Most indicators have confirmed a bullish bias in the markets, while some indicators flash caution to take some protective measures on long positions.  SPX and Nasdaq work hard to push to new highs. Stocks above their 50-day moving averages have turned around as breadth positively follows the uptrend.  On a short-term basis (next few days?) some concern regarding VIX; its price has gapped below its EMA 50, to raise some concern of a modest pullback.
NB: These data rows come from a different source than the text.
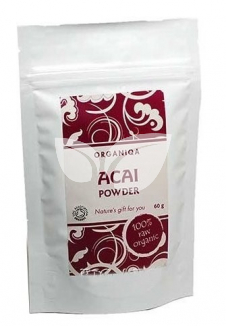 Organiqa Acai por 60g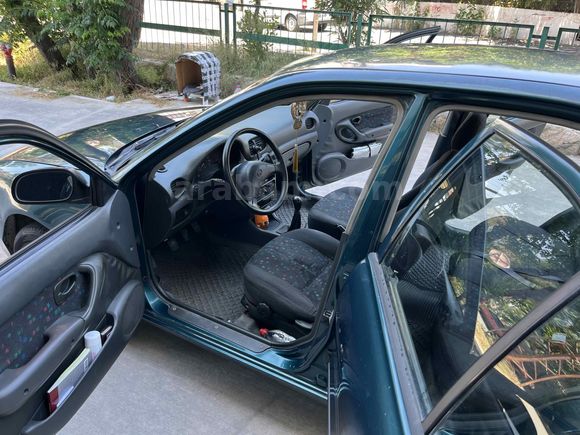 Sahibinden Hyundai Accent 1.5 GLS 2000 Model 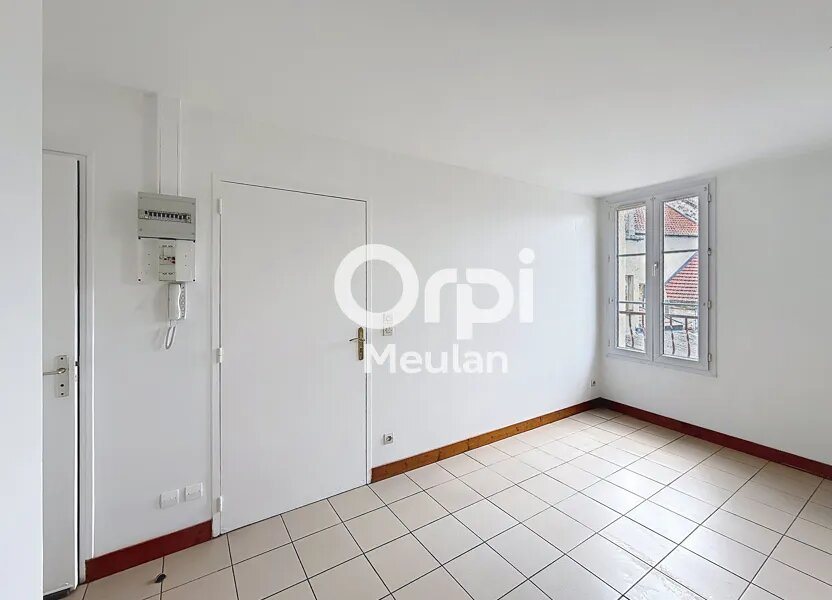 Appartement à louer, 37m², Limay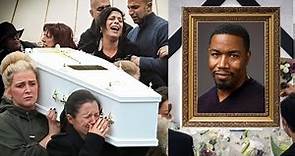 RIP Michael Jai White (56 years old) died at a very young age after contracting this disease.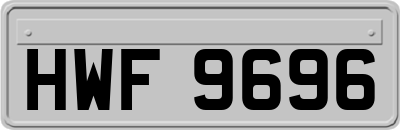 HWF9696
However, most indicators are decisively bullish.  Here is a list of the positives:
  1. Small Caps outpace Large Caps while Growth beats Value. Outperformance by Small Caps and Growth underscores support for equities (small caps have led the way since the 2009 bottom, while growth was also favored during this timeframe, with the exception of Feb-Apr 2010)
  2. The Corporate/Treasury Bond relative price has edged upward; a sign of narrower yield spreads and is favorable to equities.
  3. Advance/Decline breadth tracks positively with higher equities.
  4. A relative strength bounce in financials and continued relative outperformance in the Nasdaq
  5. Discretionary stocks continue to outperform Staples
  6. A surge in commodities and industrial metals, and a reversal (short-term?) in the US Dollar

Some downsides:

  1. Weak to modest volume on the recent rally. This is our largest concern, as lack of volume support could suggest a continuation of the downtrend we saw in early November.
  2. A divergence in Dow Theory; Transports have reached to new highs while the Industrials lag.
  3. An increasingly complacent VIX and a relatively low Put/Call ratio. 
Sustainable success in trading and investing rests squarely on being on the "right" side of the market, adhering to the trend. When the trend appears to be weakening (we utilize many indicators to tell us when this is happening), potential actions would include taking select profits, setting trailing stops, selling calls, protecting positions with puts or futures, or even adding to positions but in smaller increments. Battling the trend with contrary positions (i.e. shorting a market at its highs), although it may have a winning day with a big move down, is typically a losing proposition. It is better to leave some money on the table and have your profitable longs stopped out, than to see your capital erode fighting against the trend.


Despite the downsides, price action is key and that suggests to stay the course on longs, but to watch carefully for signs of deterioration, divergence, and continued weakness in volume on the upswings. A strategy to sell covered calls may be prudent at this time.